ネットでの住宅販売が現実味を帯びてきたワケ

コロナ禍を経ていったいどのように変わるか

ネットを通した住宅販売はコロナ禍を経てどのように変わっていくのでしょうか。写真中央に置いてあるのは後述するアキュラホームの案内ロボット「ゴーカンナ君」(画像:同社提供)

インターネットの黎明期から、国内ではネットによる注文住宅の受注・販売の可能性が模索されていた。

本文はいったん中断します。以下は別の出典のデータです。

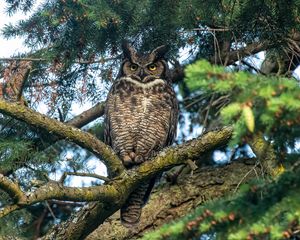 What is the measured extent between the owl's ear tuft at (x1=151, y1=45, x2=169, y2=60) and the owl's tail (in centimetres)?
87

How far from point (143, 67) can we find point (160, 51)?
0.45 meters

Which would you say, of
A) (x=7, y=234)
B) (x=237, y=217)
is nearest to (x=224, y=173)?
(x=7, y=234)

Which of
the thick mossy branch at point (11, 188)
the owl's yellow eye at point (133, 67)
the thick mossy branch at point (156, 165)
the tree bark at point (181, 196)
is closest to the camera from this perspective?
the thick mossy branch at point (11, 188)

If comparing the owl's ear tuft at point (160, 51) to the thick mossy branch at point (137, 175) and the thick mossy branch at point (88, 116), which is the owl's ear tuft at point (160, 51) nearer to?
the thick mossy branch at point (88, 116)

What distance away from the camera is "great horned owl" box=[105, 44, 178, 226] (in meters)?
4.59

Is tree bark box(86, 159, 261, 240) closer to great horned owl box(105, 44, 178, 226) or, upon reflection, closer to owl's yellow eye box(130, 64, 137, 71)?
great horned owl box(105, 44, 178, 226)

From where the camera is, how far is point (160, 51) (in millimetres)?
4488

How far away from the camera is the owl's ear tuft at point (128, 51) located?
14.6 feet

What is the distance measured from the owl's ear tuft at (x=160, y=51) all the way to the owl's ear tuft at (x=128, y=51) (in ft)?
0.51

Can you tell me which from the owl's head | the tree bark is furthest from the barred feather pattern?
the tree bark

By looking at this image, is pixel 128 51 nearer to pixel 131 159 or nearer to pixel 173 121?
pixel 173 121

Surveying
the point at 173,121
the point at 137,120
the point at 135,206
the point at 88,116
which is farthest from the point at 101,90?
the point at 135,206

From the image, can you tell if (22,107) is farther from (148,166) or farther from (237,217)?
(237,217)

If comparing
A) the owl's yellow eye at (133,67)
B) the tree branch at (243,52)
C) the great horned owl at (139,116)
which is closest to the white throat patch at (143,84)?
the great horned owl at (139,116) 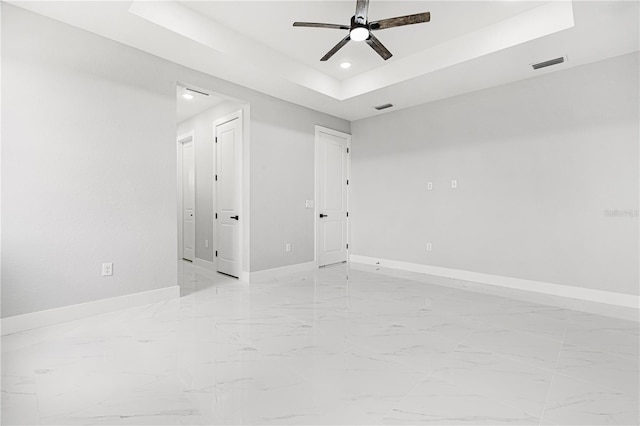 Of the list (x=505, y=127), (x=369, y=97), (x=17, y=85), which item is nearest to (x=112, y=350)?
(x=17, y=85)

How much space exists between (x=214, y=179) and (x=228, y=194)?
54 centimetres

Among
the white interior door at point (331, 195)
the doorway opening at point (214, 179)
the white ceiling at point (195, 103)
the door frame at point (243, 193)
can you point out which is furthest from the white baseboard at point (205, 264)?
the white ceiling at point (195, 103)

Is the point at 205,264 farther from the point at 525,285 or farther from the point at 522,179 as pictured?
the point at 522,179

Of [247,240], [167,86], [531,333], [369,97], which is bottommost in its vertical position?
[531,333]

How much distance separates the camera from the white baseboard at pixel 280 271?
4625 millimetres

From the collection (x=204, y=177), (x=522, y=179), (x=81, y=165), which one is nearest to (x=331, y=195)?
(x=204, y=177)

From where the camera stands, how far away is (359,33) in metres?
2.75

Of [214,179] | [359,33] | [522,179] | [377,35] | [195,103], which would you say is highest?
[377,35]

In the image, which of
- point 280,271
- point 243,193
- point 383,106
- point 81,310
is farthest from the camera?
point 383,106

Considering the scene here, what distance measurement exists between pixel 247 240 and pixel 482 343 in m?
3.18

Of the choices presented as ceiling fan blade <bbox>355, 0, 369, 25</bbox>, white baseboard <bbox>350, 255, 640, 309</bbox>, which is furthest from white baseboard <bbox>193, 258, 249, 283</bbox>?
ceiling fan blade <bbox>355, 0, 369, 25</bbox>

以来、少なくない試みが行われてきたが、芳しい成果をあげた事例はほぼ見られず、「ネットで注文住宅を販売することはできない」と考えられてきた。

その理由は住宅を取得するということが人生で最も高額な買い物であり、顧客と住宅事業者が対面による綿密な検討、積極的な交流による信頼関係の構築をしたうえでないと、満足度の高いものとはなりがたいからだ。

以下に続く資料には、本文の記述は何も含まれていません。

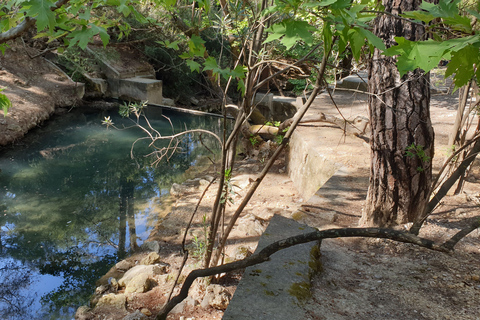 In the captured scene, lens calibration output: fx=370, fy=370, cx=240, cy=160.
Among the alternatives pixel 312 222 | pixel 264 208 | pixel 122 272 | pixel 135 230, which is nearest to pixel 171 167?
pixel 135 230

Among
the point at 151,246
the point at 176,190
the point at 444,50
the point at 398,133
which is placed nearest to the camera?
the point at 444,50

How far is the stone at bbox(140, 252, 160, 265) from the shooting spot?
4.64 meters

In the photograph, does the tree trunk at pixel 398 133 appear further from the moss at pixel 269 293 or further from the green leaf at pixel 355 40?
the green leaf at pixel 355 40

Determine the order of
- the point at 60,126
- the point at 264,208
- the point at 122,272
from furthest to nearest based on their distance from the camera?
the point at 60,126
the point at 264,208
the point at 122,272

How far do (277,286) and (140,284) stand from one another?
224 centimetres

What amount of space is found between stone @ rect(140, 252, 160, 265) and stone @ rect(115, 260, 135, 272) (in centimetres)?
21

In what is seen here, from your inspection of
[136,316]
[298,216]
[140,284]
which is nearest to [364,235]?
[298,216]

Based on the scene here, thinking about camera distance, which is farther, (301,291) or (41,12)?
(301,291)

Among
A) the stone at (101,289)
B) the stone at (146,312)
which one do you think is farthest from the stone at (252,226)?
the stone at (101,289)

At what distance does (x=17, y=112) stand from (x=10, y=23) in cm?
897

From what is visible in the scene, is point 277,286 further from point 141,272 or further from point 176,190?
point 176,190

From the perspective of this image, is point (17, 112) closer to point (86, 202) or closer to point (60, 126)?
point (60, 126)

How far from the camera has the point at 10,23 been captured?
244cm

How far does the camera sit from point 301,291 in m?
2.26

ただ、新型コロナウイルスの感染拡大による外出自粛の動きが、対面商談はもちろん住宅展示場などでのイベント開催などという既存の営業手法を難しくしており、そうした状況がこれまでの常識、既成概念を覆すかもしれないと筆者は考えている。

2つのスタイルがある注文住宅の世界

まず、前提となる事項を確認しておく。注文住宅は大きく2つに分類される。1つは顧客の希望や住まい方、敷地などの条件に合わせるフリー設計。もう1つは企画(規格)型商品だ。

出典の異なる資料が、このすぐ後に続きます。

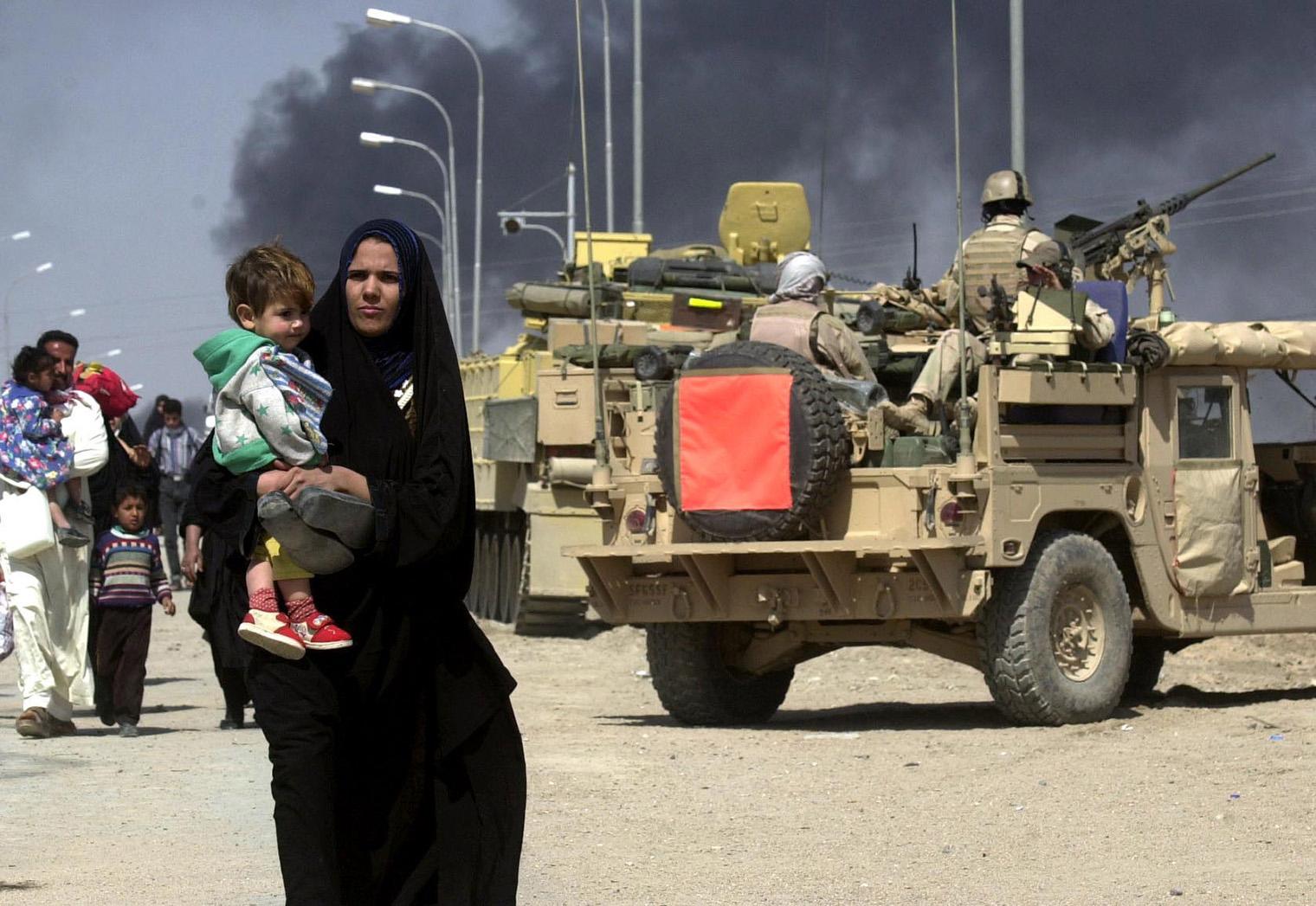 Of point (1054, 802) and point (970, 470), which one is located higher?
point (970, 470)

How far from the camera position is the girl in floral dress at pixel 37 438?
1191 cm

企画型は、建物の大きさや形状、内外観デザイン、設備仕様などを含めた一定数のプランがあり、その中から顧客がチョイスするものだ。フリー設計に比べ、比較的建築費を抑えられるというメリットがある。また、商談回数がフリー設計に比べ少なくなるため、顧客にとっては住まいづくりにあたっての精神的・肉体的・金銭的なストレスを軽減でき、住宅事業者としては生産性の向上などが期待できる。

ただ、条件が合わなければ建てられないケースもある。例えば、多世帯居住や賃貸併用といった複雑なニーズ、強いこだわりを持つ顧客ニーズには、限られた選択肢では対応が非常に難しいからだ。

もともと、戦後の大手ハウスメーカーの勃興に伴い開発、普及し、現在は中小規模の住宅事業者でも採用され、広く普及し、特に20~30代の若い顧客層から支持されている。

一方で大手ハウスメーカーは、1990年代前後からこれまではフリー設計に重きを置く経営手法に変化してきたという経緯もある。それは、経営基盤の強化のため、収益性が高いフリー設計を重視したためである。